Well, yeah, I do think that you can separate the two. But then I compare it to separating the physical study of Aikido to the physical & spiritual study of Aikido. One can get very good at Aikido just by being understanding the purely physical side of Aikido. And one can get very good by understanding the physical & spiritual side of Aikido. Let me try this example. I hope that you've heard Fleetwood Mac sing The Chain. Back when they first recorded it, they were going through some tough times. Listening to that song, you can almost feel them pouring their soul into it. A few years ago, they re-recorded the song. While the mechanics are there, the beat is there, the words are there, it's a rather lifeless song. So, technically, they were good at playing the song. But, they did not get close to how good they were at the original.
Or take someone who knows how to play an instrument by rote.

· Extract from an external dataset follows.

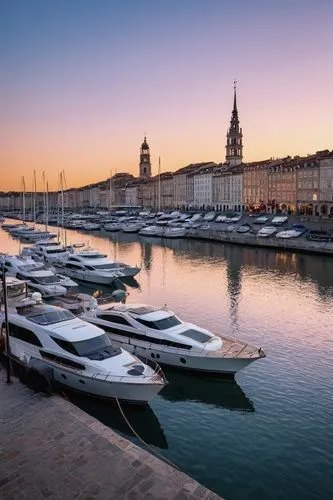 Tours, boats, architecture, harbor, evening time, golden hour, warm light reflecting off the calm water, sailboats, yachts, speedboats, moored alongside the dock, intricate stone bridges, historic bui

Sure, they can become good at it. Sure, they can play a blues song, but bring someone along who can play as good but with some soul/spirit into it and it is a whole new level.
This doesn't invalidate the purely physical aspect of learning. I think we all hit this type of learning. I think there are some very good and competent people out there who are a genius at the physical learning. I just think some go beyond it with the spiritual aspect. But that's me. And that's how I view separating the two. The UFC, UMA, etc, to me, are the purely physical aspect and thus can be separated from Budo training.
How do we do it? Sparring, competing, contests for prizes.
Why should we do it? Because some people want to do that. It's why we have sports and competitions, etc. It's just another venue.
Do we lose anything by doing that? No, I don't believe we do. If you're in it for "real fighting", then you train for it and maybe somewhere along the road, you start picking up Budo. If not, you're still happy. If you train Budo, maybe somewhere along the road you pick up "real fighting". If not, you're still happy. But, I see it as an individual choice and even that can change over time. If someone was 18 and took Karate and Gracie and was in the UFC, they would almost have to learn something. When they're 40 and switch to Aikido (for whatever reason), they have a background in something which they can apply to Aikido. Nothing really lost. At least IMO.